Чёрт высунул рогатую голову из-под пучка плававших на тёмной воде водорослей. Небольшой такой чёрт, классический — примерно в половину человеческого роста, со свиным рыльцем-пятачком, длинными ушками и маленькими, аккуратными рожками, выглядывающими из спутанных, похожих на пук мокрой соломы волос. Устроившись против меня на парапете, чёрт удобно закинул ногу на ногу, покачивая лакированным копытом. И, оправив узкие чёрные брючки, стряхнув мелкие капельки воды со светло-жёлтого с искрой жилета, отбросил в сторону длинный — длиннее его самого, тонкий хвост с пушистой шерстяной кисточкой.

«Ну что, приятель? — насмешливо спросил чёрт. — Добился, всё-таки, своего? И чего, спрашивается, ты всем этим добился? Как будто мало тебе неприятностей было прежде, мало тебя предупреждали?».

«Я защищал себя, — отвечал я угрюмо. — Себя и свою ясную голову. Неужели и тебе нужно объяснять, что трезвым быть лучше, чем пьяным?».

«Ах, себя он защищал!.. — рассмеялся чёрт, показывая длинные кошачьи клычки. — Скажи на милость, цаца какая? И в результате?».

«Что в результате?» — переспросил я.

«Объяснить? — спросил чёрт. — Изволь. С родителями поссорился. Восемь лет скитался по съёмным квартирам. С первой работы ушёл. Вторую по счёту квартиру сменил со скандалом — отверг предложение хозяев поучаствовать в семейном торжестве. На работе в корпоративах не участвуешь, к друзьям не ходишь, сам ничего не празднуешь, к себе не приглашаешь. Тысячу раз права твоя Полина: ты — один. Сам себя отгородил от людей — а теперь сидишь и страдаешь…».

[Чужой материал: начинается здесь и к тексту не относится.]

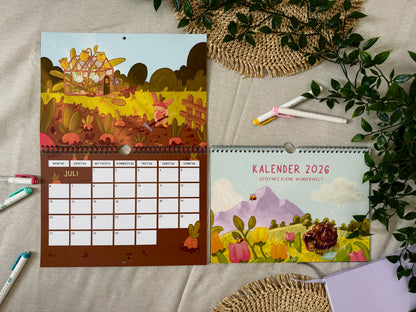 2026 Wandkalender A4 quer - Josefines kleine Wunderwelt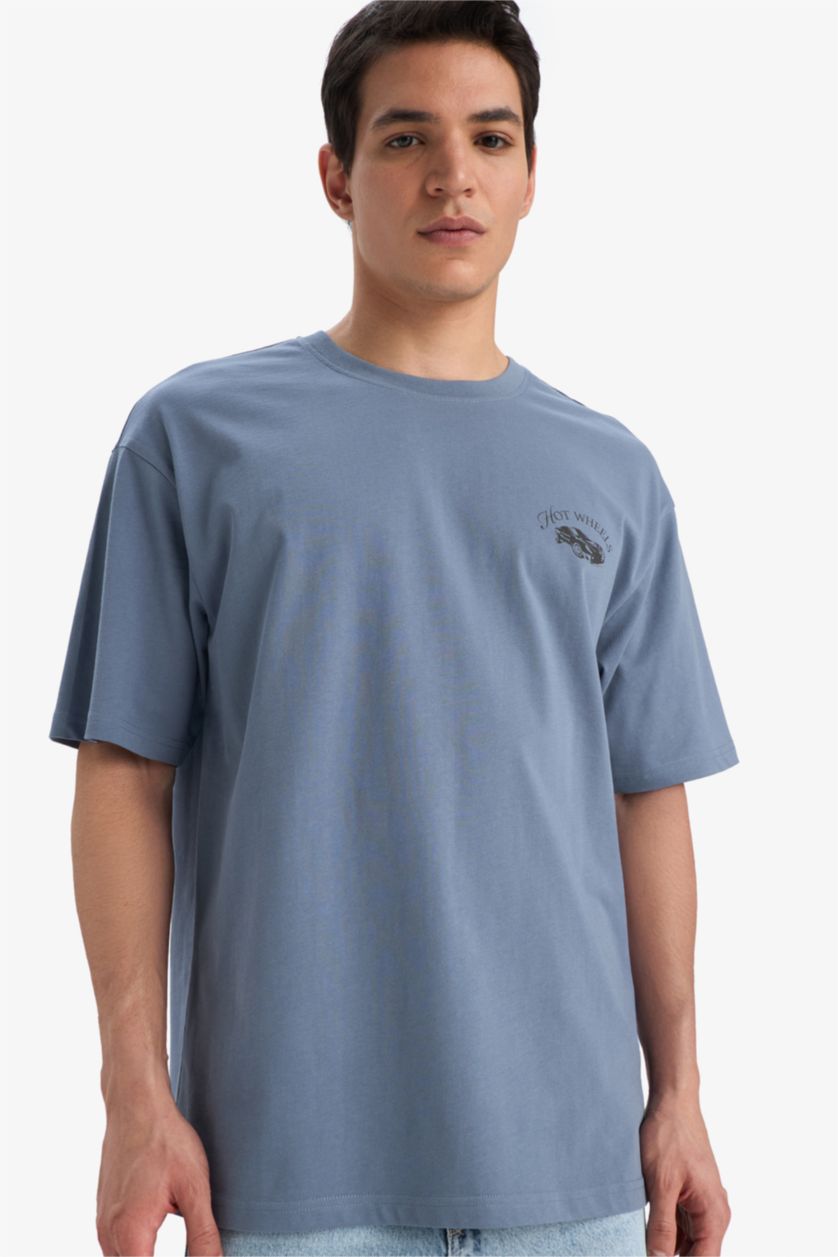 MAN Grey Hot Wheels Boxy Fit Crew Neck Printed T-Shirt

«А что делать? — ответил я вопросом на вопрос. — Я не хочу одурманивать себя…».

«Ха-ха-ха! — рассмеялся чёрт, едва не свалившись с парапета. — В этой стране живёт сто миллионов взрослых людей. Каждый из которых раз в месяц, а то и чаще, как ты говоришь, „одурманивает себя“. И это им вовсе не мешает делать карьеру и зарабатывать деньги, летать и путешествовать, писать картины и книги, любить женщин и видеть красоту Земли, быть заботливыми и любящими сыновьями, мужьями, отцами, знающими специалистами, пользоваться заслуженным уважением в обществе… Как тебе не раз говорили: нужно просто соблюдать меру…».

«Вот ты попался, — подвёл итог я. — Сам подумай: будет ли разумный человек, если он не идиот и не сумасшедший, одурманивать себя? Пусть даже на короткое время и в небольшой степени? И, если да, то можно ли такого человека считать действительно разумным?».

«Тогда ты останешься один…», — подвёл итог чёрт.

«Ты слышал, как при Горбачёве устраивали „трезвые“ вечеринки? — перехватил инициативу я. — Сам-то не присутствовал, но мне о них не раз говорили. В том числе и о том, что люди с этих вечеринок уходили очень быстро. Им было скучно — так же, как скучно на пьяных праздниках мне. Многого ли стоит такое общение?».